Some outpatient health care executives experience high physician turnover leading to increased costs. To retain highly productive physicians, outpatient health care executives need to understand the best strategies for reducing physician turnover. Grounded in Herzberg 2-factor theory as the conceptual framework, the purpose of this multiple case study was to explore the strategies outpatient health care executives used to reduce physician turnover. Data were collected from semistructured interviews of 4 outpatient health care executives and the review of proprietary documents from 2 outpatient health care facilities in the Southern California metropolitan area.
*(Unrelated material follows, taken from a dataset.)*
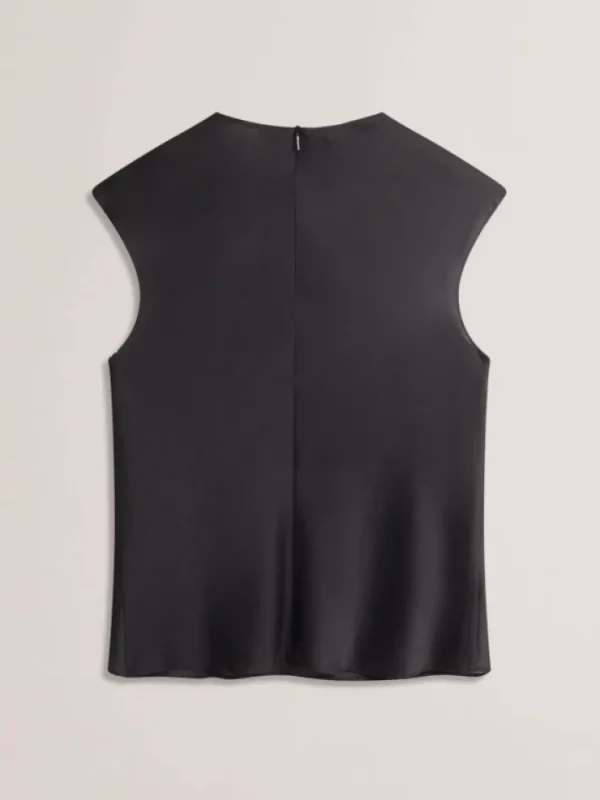 Misrina Drape Neck Detail Satin Top<Ted Baker Online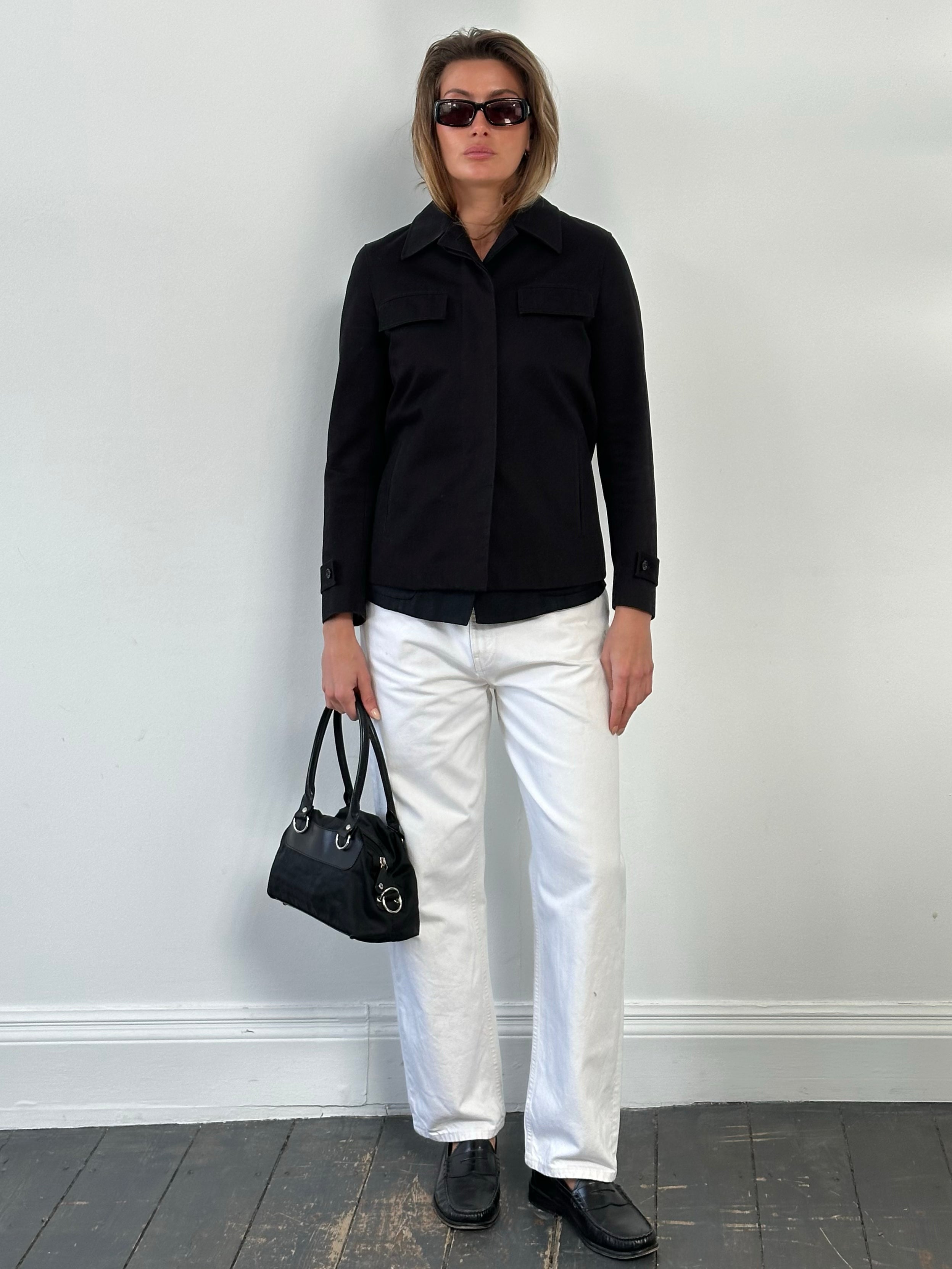 Iceberg 1990s Pure Cotton Concealed Placket Jacket - S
Data analysis comprised compiling and disassembling the data into common codes, reassembling the data into themes, interpreting the themes, and reporting the themes. Member checking and methodological triangulation amplified the trustworthiness of the findings. The course of thematic analysis led to identification of 4 core themes: autonomy, satisfactory work environment, effective communication, and training and growth opportunity. Implications for positive social change include the potential to increase economic growth while benefitting employees, families, and communities; increasing the continuity of patient care; and increasing patients’ access to health care. Outpatient health care executives can use the results of this study to implement changes conducive to minimizing physician turnover and associated costs while enhancing the quality of health care.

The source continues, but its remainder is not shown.